Hawaii's Republican Party says Rhode Island Senate candidate Matt Brown and Democratic groups from three states "laundered" $25,000 in campaign contributions.

01:23 AM EST on Thursday, March 23, 2006

BY JOHN E. MULLIGAN
Journal Washington Bureau

WASHINGTON -- The Republican Party of Hawaii will file a federal complaint charging that Rhode Island Senate candidate Matt Brown and Democratic organizations from three states ille

gally "laundered" $25,000 in contributions to his campaign, Hawaii's GOP chairman said yesterday.

The action by the Hawaii Republicans follows the disclosure that Brown helped to engineer the donations from the Democratic parties in Hawaii, Maine and Massachusetts. Brown got four of his wealthy backers, in turn, to give the state parties a total of $30,000.

The individual donors had each given Brown, the secretary of state, the legal maximum, so the arrangement raised the question of whether the Democrat had created a mechanism for evasion of the lawful contribution limits.

"If the stories that we read are in fact true, the Matt Brown campaign is in serious violation" of federal campaign law, Hawaii Republican Chairman Sam Aiona said by phone.

The Rhode Island GOP may join in the Hawaiians' complaint to the Federal Election Commission, the local party's executive director, Mary Diamond, said in an interview. "We are definitely welcoming" the Hawaii complaint and will consider co-signing it, Diamond said.

"This is Republicans lodging a complaint against Democrats," Brown responded. Brown , a candidate for Republican Sen. Lincoln D. Chafee's seat, said that his transactions with the state parties were "all completely legal, and the FEC will find that."

FEC spokesman Ian Stirton would not comment on the complaint, which has not yet been sent to the commission. But he said the bipartisan body has "wide discretion" in assessing civil penalties when it finds violations of federal election law.

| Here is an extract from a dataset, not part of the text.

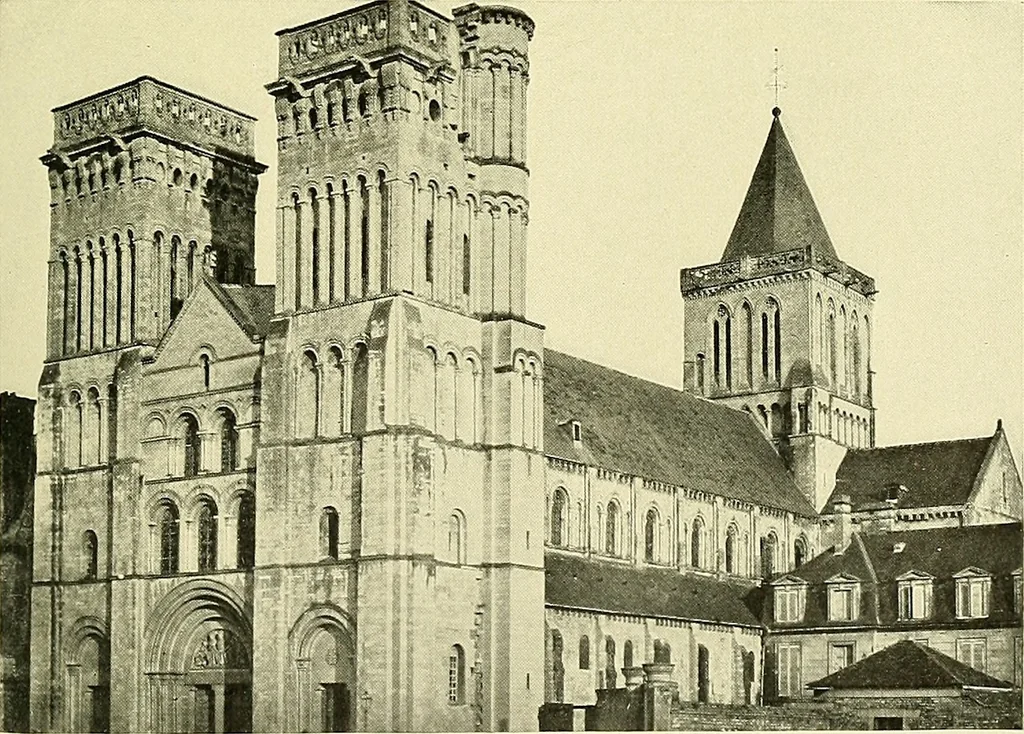 An illustration from Romance of the French abbeys, 1905, leaf 450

A campaign committee can be assessed a fine as large as the full amount involved in fundraising efforts deemed unlawful, he said. If a violation is "knowing and willful," the commission can assess much larger fines -- up to 10 times the amount of money involved, he said. Stirton said the FEC could consider many factors in assessing penalties, such as a violator's previous record of infractions, if any.

It is not uncommon for FEC complaints to go unresolved for months, sometimes lingering long after the election campaigns that produced them. But even if nothing comes of the Hawaii complaint, the episode has already exacted from Brown's campaign a dear cost in bad publicity and lost momentum.

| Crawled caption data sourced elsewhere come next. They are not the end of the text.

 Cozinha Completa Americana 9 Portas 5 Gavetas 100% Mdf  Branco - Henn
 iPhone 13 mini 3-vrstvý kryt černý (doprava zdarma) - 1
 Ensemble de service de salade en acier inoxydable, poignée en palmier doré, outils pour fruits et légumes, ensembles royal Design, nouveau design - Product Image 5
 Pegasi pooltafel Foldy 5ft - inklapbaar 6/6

Brown, who modeled himself as a reform-oriented "outsider" candidate, has struggled to change the subject as the story of his fundraising maneuver has reverberated for three weeks.

One of the most damaging chapters came when Jane Sugimura, treasurer of the Hawaii Democrat party, explained her role in the maneuver in a way that was widely interpreted as acknowledging an illegal quid pro quo -- her state party giving $5,000 to Brown in return for money back to the Hawaii Democrats from Brown backers. Richard Bready, chief executive of Providence-based Nortek, who had already "maxed out" on the lawful limit of his campaign contributionsto Brown, gave $6,000 to the Hawaii Democratic Party.

Sugimura later told the Associated Press in Honolulu that the transaction had not been a quid pro quo.

The Hawaii Democratic Party demanded its money back from Brown shortly after the first stories about the contribution. Brown said he would comply.

Hawaii GOP Chairman Aiona said yesterday that the Hawaii Democratic Party's involvement triggered his organization's complaint. According to an account to the AP by Keith Nakano, executive director of the Hawaii Republican Party, a draft of the complaint read in part:

"There is reason to believe that the Brown campaign provided an alleged contribution-laundering scheme, whereby it steers donors to the Hawaii, Maine and Massachusetts state parties, with the explicit or implicit agreement that the state parties would, in turn, contribute to the Brown campaign."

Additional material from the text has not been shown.